Country living typically revolves around the kitchen, and country cooking and canning. Family and friends around the table, fresh food from the hearth, food cooked the old-fashioned way, simple recipes like grandma used to make.
It’s a lifestyle that conjures up a lot of memories for people in the country, and even city dwellers who grew up on the farm (or wished they had). With today’s hectic urban lifestyle most people are on the run from the time they wake up to the time they go to bed, and meals are where you can find them – too often at a fast food restaurant, or a quick processed meal in front of the television at home.
It’s no wonder so many folks long for a less complicated, less hectic life in the rural heartland. Food raised on the same property where you live, cooked in the afternoon in a warm sunlit kitchen, and eaten slowly around a table, each bite savored in a way that store-bought meals never can be.

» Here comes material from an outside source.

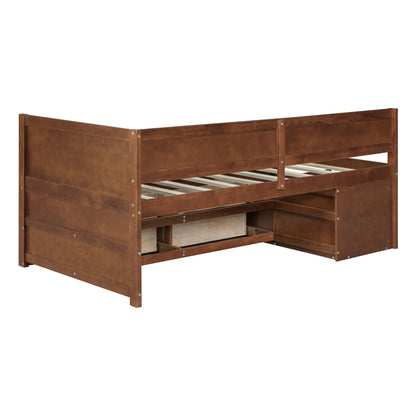 Daybed With Drawers And Shelves - The Sleep Loft - Online Mattress Showroom NYC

Country cooking involves simple, hearty foods like fresh organic vegetables, beef, pork and poultry, stews, soups, pies and desserts cooked from scratch. It’s about simple, no-fuss recipes that are easy to prepare and wonderful to eat.

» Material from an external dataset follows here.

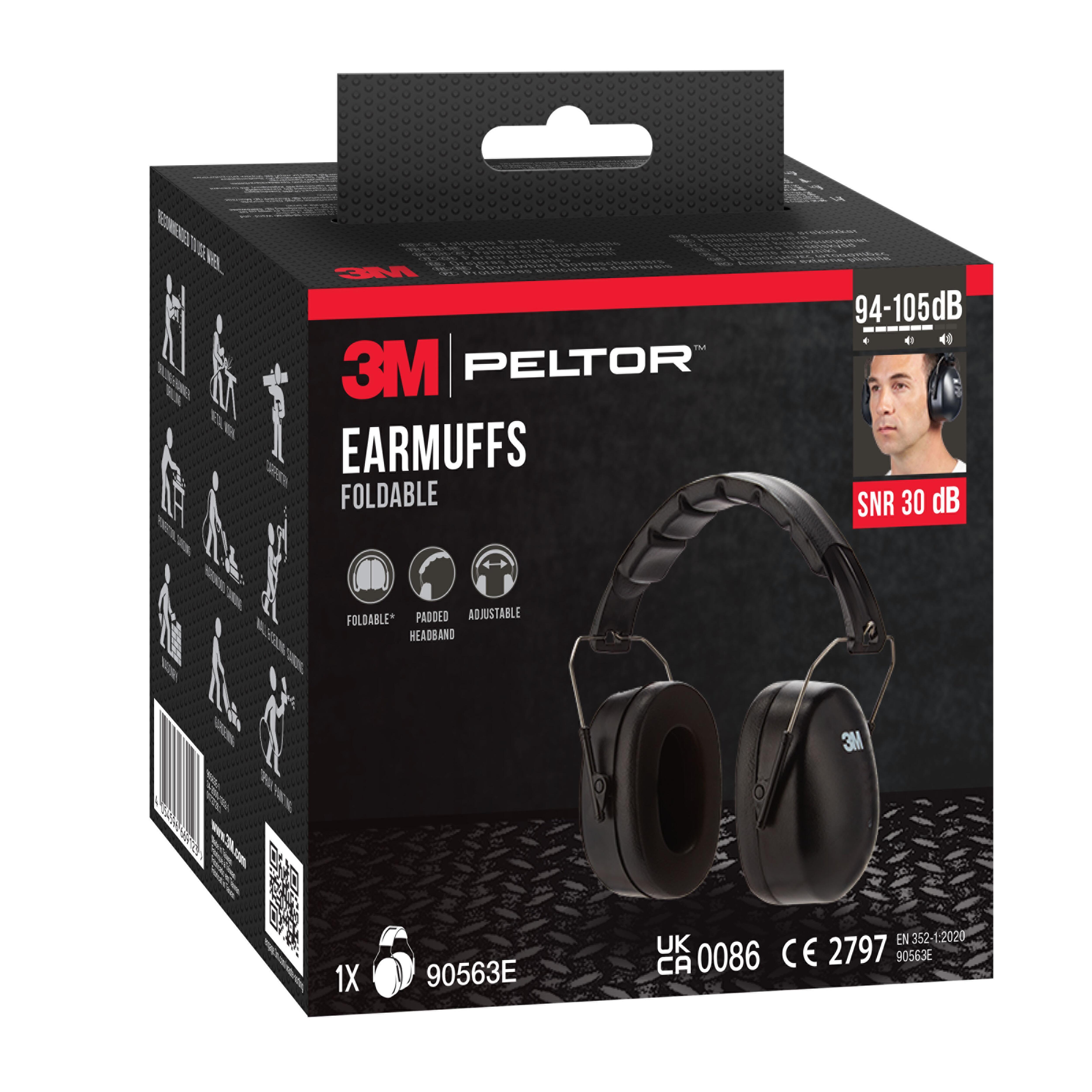 CASCOS ANTIRRUIDO PLEGABLES SNR30 3M - 2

Whether you’re preparing food for a large Victorian garden party or summer cookout, or you’re just whipping up a quick lunch for the kids, there are hundreds of great recipes available for every budget. And if you’re cooking fresh food that you pulled out of your own organic garden, you’ll enjoy the health and cost benefits as well.
Canning and food preservation
If you’re into small-scale farming and sustainable living, or you just have a small organic garden, you’re probably interested in canning and food preservation. Having a root cellar doesn’t do much good if there’s nothing in it, and all that work in the garden will go to waste if you can’t preserve some of that great food for the winter.
Canning is a great way of storing food without refrigeration, but it needs to be done properly or you could end up with spoiled food – or worse. Botulism poisoning has been known to occur from improperly-canned tomatoes, for example, from canned tomato products. And steam canning is not recommended by most experts, so stick with water canning for convenience and food safety.
Also make sure you always use a heat process that involves either pressure canning or water bath canning, for any canned item that’s going to be stored on the shelf in your root cellar or pantry. Ignore recipes that tell you that you can get away with simply sealing hot-filled jars – this type of “open kettle” canning can result in unsafe products, and even food poisoning.
A Country Root Cellar
If you’ve ever lived in the country, or visited relatives who did, you’ve probably been exposed to a root cellar at one point or another. Root cellar’s are nature’s refrigerators, only better because they work without electricity, and they can hold a lot more food than any store-bought appliance. A root cellar is usually not as convenient as a refrigerator in your kitchen, but they make up for it in many other ways.
In case you’re new to this concept, a root cellar dug into the ground keeps foods (usually vegetables) and beverages at relatively low temperatures and constant humidity. A well-constructed cellar keeps the food from freezing during the winter, while at the same time keeping things cool enough during the hot summer months to prevent spoilage. Normally the owner of a root celler will stock the shelves with a variety of vegetables, normally canned for preservation, and typically in the Fall after the harvest.
Although vegetables such as turnips, carrots, and potatoes are primarily stored in these cellars, there are also a wide varity of other foods including smoked or salted meats, onions, jams and preserves, beets, cabbage, squash, and more. Some people also use root cellers as wine cellars as well, and also as a place to store beer and other homemade beverages.